■ About this exercise ■
Once the line with "Marvel X-Men United #1 Derrick Chew Variant" is found in the data, output it and each following line exactly, up to and including the line with "Photos of 2018", and nothing before or after.

■ Data to process ■
____________________
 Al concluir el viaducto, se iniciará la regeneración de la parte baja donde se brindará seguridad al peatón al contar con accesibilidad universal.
____________________
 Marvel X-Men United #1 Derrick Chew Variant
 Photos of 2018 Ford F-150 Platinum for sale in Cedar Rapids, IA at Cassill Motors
____________________
■ Answer section ■
 Marvel X-Men United #1 Derrick Chew Variant
 Photos of 2018 Ford F-150 Platinum for sale in Cedar Rapids, IA at Cassill Motors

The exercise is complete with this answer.